AFC Leopards elections take a tribal twist
Tribal politics are at the centre of the late withdrawal of Interim Management Committee (IMC) co-chairman, Mathews Opwora, from the race for the AFC Leopards top seat in Sunday’s election.
Opwora threw in the towel on Thursday leaving Mombasa Branch chairman; Michael Amahwa, former Football Kenya Federation vice-president, Robert Asembo and IMC co-chair; Dan Mule, the man seen as the outsider due to his eastern Kenya roots.
Citizen Digital understands the threat Mule poses as a popular candidate across board for his track record in managing the affairs of the club has made the sons of western Kenya reconsider rallying behind one of them to keep the leadership of the club ‘home’.

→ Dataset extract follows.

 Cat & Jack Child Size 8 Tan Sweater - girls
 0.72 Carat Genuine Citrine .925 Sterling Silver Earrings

Amahwa and Opwora contradicted each other over the reasons the latter quit the race in the 11th hour to run the 12-time domestic club champions in a campaign inside the Den dubbed in the local Luhya dialect as lero luno eshiefu ne eshiefu (this time round, what is ours remains ours).

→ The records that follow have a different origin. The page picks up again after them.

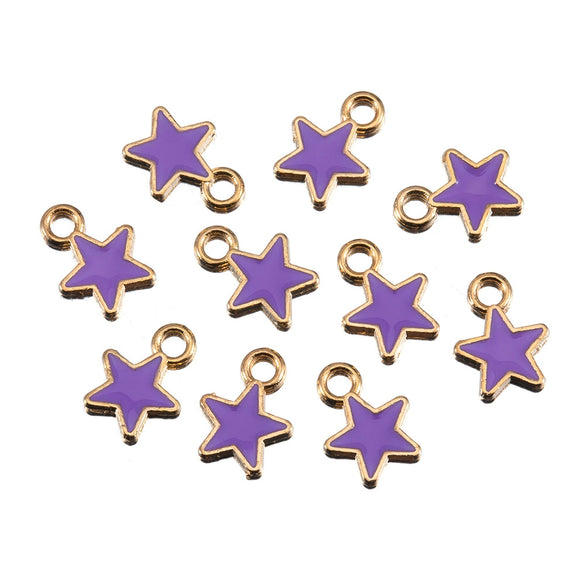 Wholesale Alloy Jewelry Pendant With Oil Dripping Process And Star Moon Shape For Necklace And Bracelet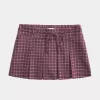 Mini gonna-pantalone plissettata a vita media Mini gonna-pantalone plissettata a vita media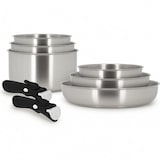 thumbnail of Menastyl - Set 8 pieces iris en acier inoxydable avec poignée amovible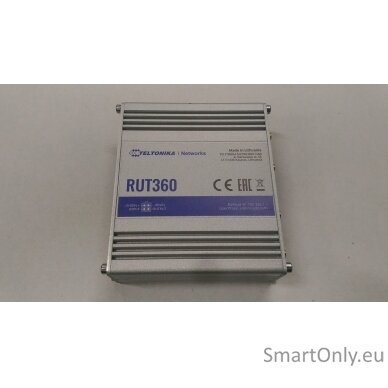 SALE OUT. Teltonika RUT360 LTE CAT6 Industrial Cellular Router (RUT360000000) | Industrial Cellular Router | RUT360 LTE CAT | REFURBISHED | Industrial Cellular Router | RUT360 LTE CAT6 | 3 month(s) | REFURBISHED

It is aimed at locking out the man who hails for Machakos and endeared himself among Ingwe faithful as the vibrant Embakasi Branch chairman before ascending to the IMC from ascending to the command of the team that draws its bedrock support from Luhyaland.

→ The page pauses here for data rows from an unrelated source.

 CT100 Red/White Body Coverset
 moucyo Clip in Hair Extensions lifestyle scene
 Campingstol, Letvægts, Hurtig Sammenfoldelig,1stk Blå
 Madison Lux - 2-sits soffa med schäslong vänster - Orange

“If I vie alongside Amahwa and Asembo, then we will be simply be dividing our votes and so my intention is to make sure that we cast all our votes in one basket.
“I have tried to reach out to Asembo and Amahwa so as to ask them to agree and front one person in order to make the western region stronger,” Opwora told Citizen Digital on Friday.
Speaking earlier to Radio Citizen and Mulembe FM at Communication Centre in Nairobi, Amahwa strenuously disputed allegations the late withdrawal of Opwora was a ploy to ensure the club is run by a leader from the Luhya community.
The Mombasa Branch chairman also denied clandestine talks took place to convince Opwora to step down in his favour with some saying even money changed hands from the man whose financial muscle has been felt inside the Den during the run-up to the elections.
“The important thing is that I never prevailed over him to support me, he must have seen he’s in a losing battle and decided to join the winners,” Amahwa underscored.
“As much as we want to accommodate everyone, which is the way to go, we must accept that AFC has its roots in Luhya. It’s worth noting 12 clubs from Luhyaland were merged to form AFC, so the name may have a different meaning but Opwora’s decision to support me may also have come from his Luhya heart,” he added.
The front runner declared it was a two-horse race between himself and Mule, terming the former FKF deputy boss Asembo and Opwora as leaders with no following.
Mule on his part labelled the latest development a plot to ensure he is locked out of the top seat by using the tribal trump card.
“Opwora has been with Amahwa for so long and so it shows that I’m the common enemy in this race. Even the missing Ksh1.8 million that was taken from the club’s coffers was a scheme between Opwora, Amahwa and secretary general, Maurice Osundwa so they want to cover up,” he alleged.
“I’m also aware they want to reach out to Asembo to make sure they only have one candidate who will enter the ring against me,” Mule further charged.
He declared if he carries the day on Sunday, he would ensure the culprits have their day in court to ensure money is paid back in what will further ruffle feathers.
Speaking on Mule, Amahwa who has styled himself as the ‘Tsunami’ that will sweep Sunday’s elections said he would not hesitate to work with the IMC co-chair if elected.
“I tried to have him run as my deputy but he declined,” he added, confirming reports that surfaced last month that Mule was being prevailed to accept the number two position so that Ingwe would have a leader from home.